Die erste von ihm aufgeworfene Rechtsfrage betrifft nicht, wie der Kläger vorgibt, die Höhe der Freibeträge nach § 30 SGB II, sondern vorrangig die Regelung des § 9 Abs 2 Satz 1 SGB II. Denn bereits durch die Einbeziehung eines Partners in die Bedarfsgemeinschaft und den Einsatz des Einkommens dieses Partners zur Bedarfsdeckung der gesamten Bedarfsgemeinschaft, auch wenn der Partner selbst seinen eigenen Bedarf durch sein Einkommen decken kann, ergeben sich die von ihm aufgezeigten potenziellen Folgen. Der Kläger hätte dann aber im Hinblick auf die von ihm beschriebene Ungleichbehandlung zusammen und getrennt lebender Partner darlegen müssen, warum sich die von ihm bezeichnete Rechtsfrage nicht auf der Basis der umfangreichen Rechtsprechung des Bundesverfassungsgerichts (BVerfG) und des BSG zur Berücksichtigung des Partnereinkommens bei der Arbeitslosenhilfe beantworten lässt, obgleich die vom Kläger für verfassungswidrig gehaltene unterschiedliche Behandlung von zusammen und getrennt lebenden Paaren, soweit es die aufgeworfenen verfassungsrechtlichen Fragen angeht, vergleichbar ist.

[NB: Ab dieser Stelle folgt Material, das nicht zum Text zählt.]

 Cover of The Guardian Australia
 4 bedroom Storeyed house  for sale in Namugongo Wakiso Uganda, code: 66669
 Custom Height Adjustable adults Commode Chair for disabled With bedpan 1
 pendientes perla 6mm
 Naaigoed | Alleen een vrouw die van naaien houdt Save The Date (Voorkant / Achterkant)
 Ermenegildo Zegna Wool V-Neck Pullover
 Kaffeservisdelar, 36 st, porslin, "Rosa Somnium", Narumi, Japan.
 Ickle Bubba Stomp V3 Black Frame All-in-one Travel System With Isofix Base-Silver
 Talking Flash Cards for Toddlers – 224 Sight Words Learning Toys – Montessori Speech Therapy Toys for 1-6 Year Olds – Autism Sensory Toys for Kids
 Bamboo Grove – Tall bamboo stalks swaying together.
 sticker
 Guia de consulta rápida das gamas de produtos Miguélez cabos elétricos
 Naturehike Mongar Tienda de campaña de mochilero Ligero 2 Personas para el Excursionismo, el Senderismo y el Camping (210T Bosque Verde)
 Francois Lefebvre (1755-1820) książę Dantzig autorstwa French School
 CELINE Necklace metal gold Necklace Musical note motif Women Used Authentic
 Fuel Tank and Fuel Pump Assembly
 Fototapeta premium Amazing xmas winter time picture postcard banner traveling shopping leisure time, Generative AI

Hinsichtlich der zweiten Rechtsfrage mangelt es an einer Auseinandersetzung mit der höchstrichterlichen Rechtsprechung. Der Kläger behauptet zwar, die aufgeworfene Frage sei höchstrichterlich noch nicht entschieden. Diese Behauptung alleine ist jedoch nicht ausreichend um die Darlegungsanforderungen zu erfüllen. Wird die Verfassungsmäßigkeit einer Regelung in Frage gestellt, muss unter Berücksichtigung nicht nur der Rechtsprechung des BVerfG, sondern auch des BSG im Einzelnen dargelegt werden, in welchem Umfang, von welcher Seite und aus welchen Gründen die Verfassungsmäßigkeit umstritten ist (vgl nur BSG Beschluss vom 13. September 2007 - B 13/4 R 551/06 B). Insoweit mangelt es in der Begründung des Klägers an einer Auseinandersetzung mit den beiden auch vom LSG benannten Entscheidungen des BSG vom 7. November 2006 (B 7b AS 18/06 R) und 19. März 2008 (B 11b AS 7/06 R). Der Kläger hat weder dargelegt, dass diese nicht geeignet seien, um Anhaltspunkte für die Beantwortung der Frage zu bieten, noch welche neuen Gesichtspunkte unter Beachtung der Rechtsprechung des BVerfG für seine Rechtsauffassung sprechen könnten.
Die Verwerfung der danach nicht formgerecht begründeten und somit unzulässigen Beschwerde erfolgt gemäß § 160a Abs 4 Satz 1 Halbsatz 2 SGG iVm § 169 Satz 3 SGG ohne Zuziehung der ehrenamtlichen Richter.
Die Kostenentscheidung beruht auf der entsprechenden Anwendung des § 193 Abs 1 SGG.